──────── INPUT DATA
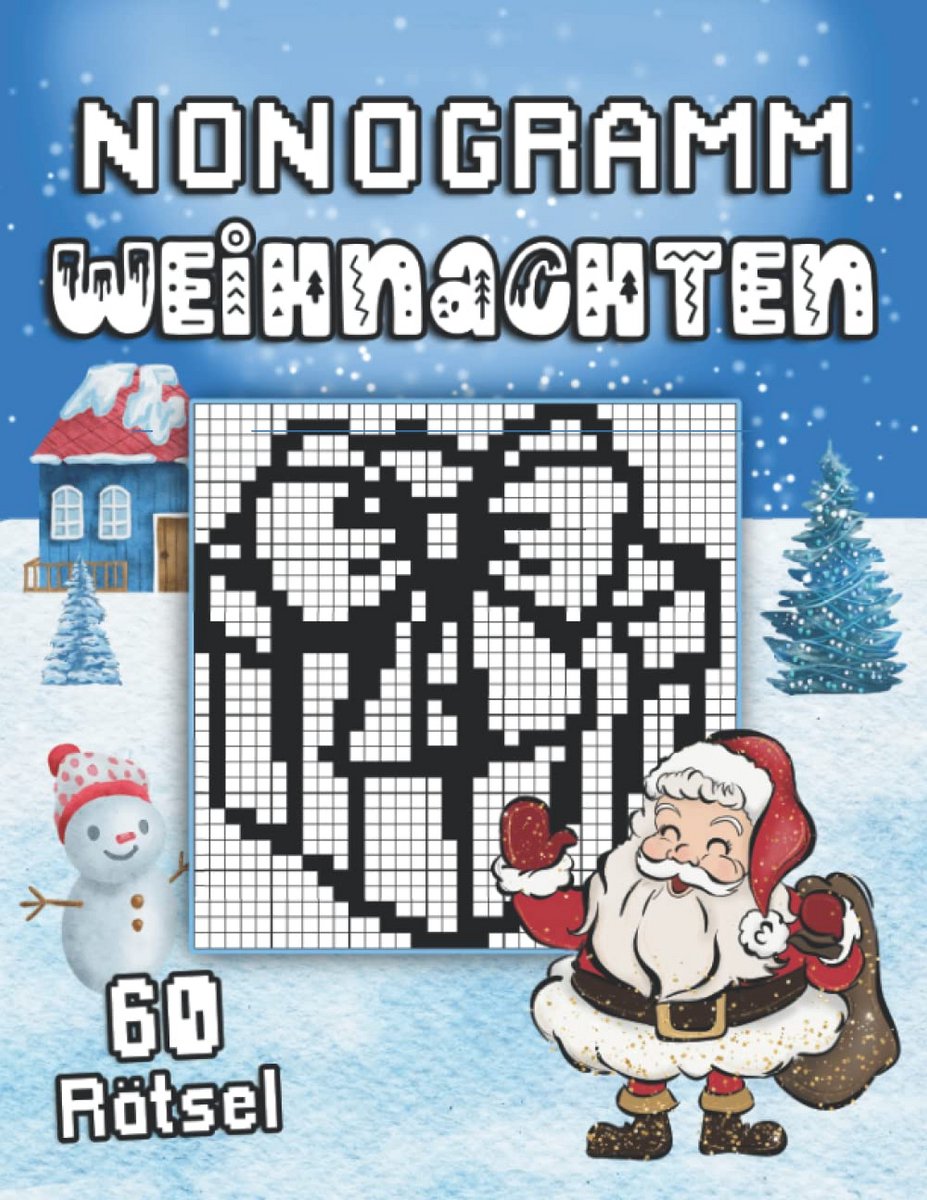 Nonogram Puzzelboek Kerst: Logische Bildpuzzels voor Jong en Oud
────────────────
──────── INPUT DATA
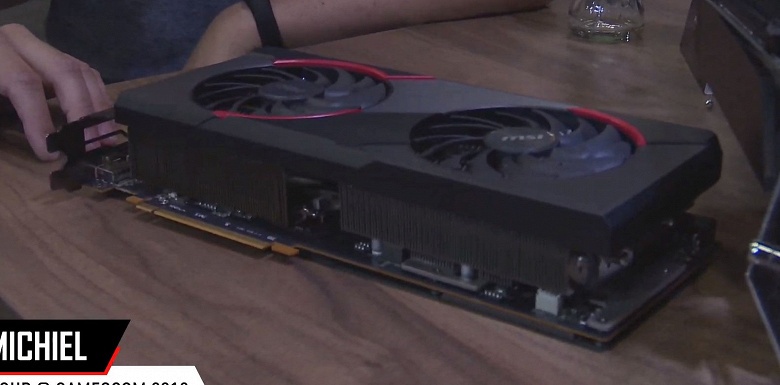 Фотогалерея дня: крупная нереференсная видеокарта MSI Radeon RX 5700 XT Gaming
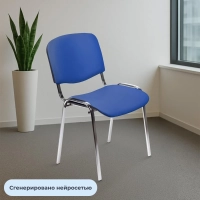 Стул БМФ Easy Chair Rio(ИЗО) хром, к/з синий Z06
────────────────
_EXERCISE DETAILS_
Output exactly the lines above that lie between the line with "Фотогалерея дня: крупная" and the line with "Стул БМФ Easy", those two lines included, and no pictures.

_RESPONSE TO THE EXERCISE_
 Фотогалерея дня: крупная нереференсная видеокарта MSI Radeon RX 5700 XT Gaming
 Стул БМФ Easy Chair Rio(ИЗО) хром, к/з синий Z06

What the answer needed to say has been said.